📌 At a Glance
Narayana Hrudayalaya runs 40 hospitals across India and the Cayman Islands — and it turns out, saving lives is a great business model. With a 44% stock CAGR over 3 years, 24.5% ROE, and a steady ₹790+ Cr PAT run-rate, NH has quietly become the most capital-efficient hospital chain in the country. But at 49x earnings, is it still investible… or in need of financial bypass?
1️⃣ Business Model – Cardio Capitalism Done Right
NH is a super-specialty hospital chain focused heavily on cardiac, oncology, neurology, and transplant surgeries. Think: lower cost than Apollo, but higher operational discipline.
Operations:
- India: 19 hospitals, 2 heart centers, 18 clinics/dialysis
- Cayman Islands: 1 big dollar-minting hospital
- Beds: 5,789 operational beds across 40 healthcare facilities
- Occupancy: ~65–70% average
- ARPOB: Continues to rise steadily YoY
The Cayman unit (yes, that one) generates 50%+ EBITDA margins — it’s NH’s cash cow in beachwear.
2️⃣ Financials – Clean, Scalable, Profitable
Metric | FY25 | YoY Change |
---|---|---|
Revenue | ₹5,483 Cr | +9% |
Net Profit | ₹791 Cr | Flat |
EBITDA Margin | 23% | Steady |
ROE | 24.5% | Excellent |
EPS | ₹38.66 | ↔ |
Dividend Payout | 12% | Token |
💡 5-Year Profit CAGR: 44%
💡 5-Year Stock CAGR: 48%
Margins are high, cash flows are clean, and capex is self-funded. A hospital that acts like an FMCG stock? Yep.
3️⃣ Valuation – Rich, But Justified?
- P/E: 49
- P/B: 10.7
- Market Cap: ₹39,000 Cr
- EV/EBITDA: ~28x (based on run-rate)
🧠 Fair Value Range (EduEstimate): ₹1,400–1,600
Assuming steady ₹850–₹900 Cr PAT and 30–35x PE band. Anything above ₹1,900 needs growth to re-accelerate.
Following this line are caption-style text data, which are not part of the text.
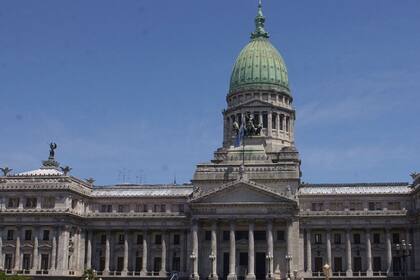 La política necesita encarar reformas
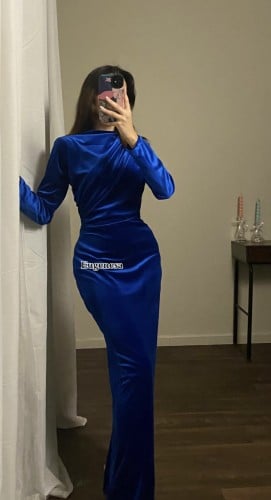 AV Dress 049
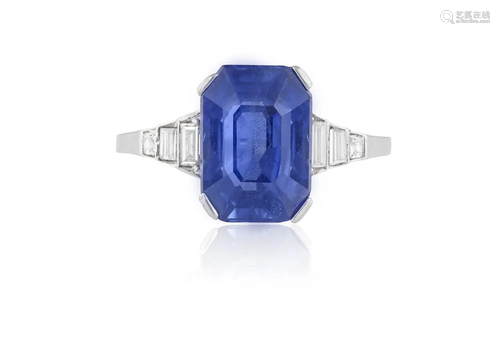 A FINE ART DECO SAPPHIRE AND DIAMOND RING, CIRCA 1920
Right now you’re paying for the next phase of expansion — and it better be surgical.
4️⃣ Balance Sheet – Leverage Rising, But Still Clean
- Debt: ₹2,428 Cr (Up from ₹884 Cr in FY23)
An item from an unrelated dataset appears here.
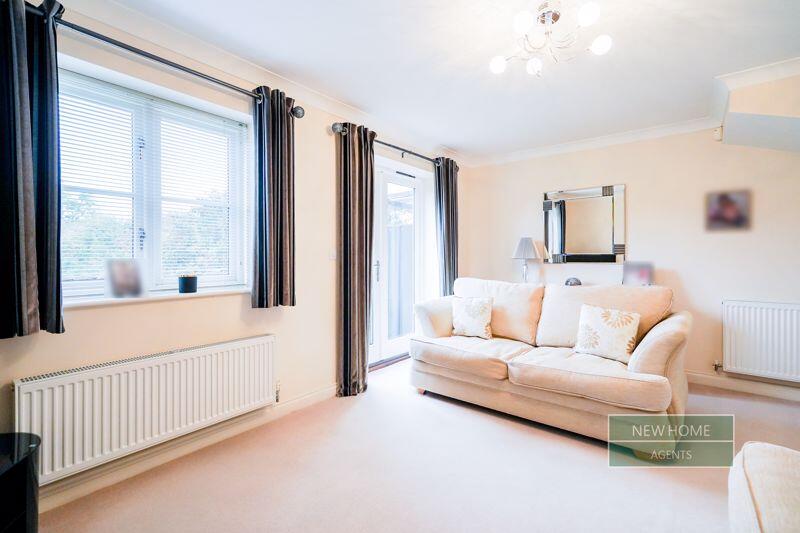 House in South Kesteven, Great Gonerby - View 3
- Net Cash Flow: ₹205 Cr in FY25
- Cash from Ops: ₹986 Cr
- Capex (FY24–25): Mostly for Cayman, oncology units, and bed expansion
The company’s assets have doubled in 2 years, with CWIP down from ₹514 Cr to ₹70 Cr → meaning new infra is now live and earning.
5️⃣ Strengths – No ICU Needed
- 🏥 Best-in-class ROE: 24% vs Fortis at 12%, Apollo at 17%
- 🌎 Cayman Model: Offshore revenue hedge + 50%+ EBITDA
- 🔁 Repeatability: Most revenue from critical care, surgery, dialysis — not OPD fluff
- 🧪 Clinical Reputation: Strong patient loyalty = higher ARPOB and occupancy
- 📈 Strong Earnings History: Consistent growth since 2018 (post IPO ramp-up)
6️⃣ Risks – Heart Rate Monitoring Required
- 📉 Sales growth slowing: 9% YoY vs 12–14% earlier
- 🧾 Valuation fatigue: At 49x P/E, even one soft quarter could cause derating
- 🏗️ Leverage building: Debt more than doubled in 2 years
- 💰 Working Capital Days: From 15 to 66 → collections and receivables stretching
- 🌴 Cayman dependency: A hurricane, regulatory shift, or medical tourism crackdown and margins collapse
7️⃣ Final Thoughts – A Healthcare Stock That Doesn’t Need a Check-Up
Narayana Hrudayalaya is capital efficient, well-managed, globally diversified, and compounding profits like clockwork.
But… markets have caught on. The price now reflects perfection — or at least, high expectations.
If you already own it, congratulations, your doctor made you rich.
If you’re entering now, do it with a surgical strike, not a full portfolio transplant.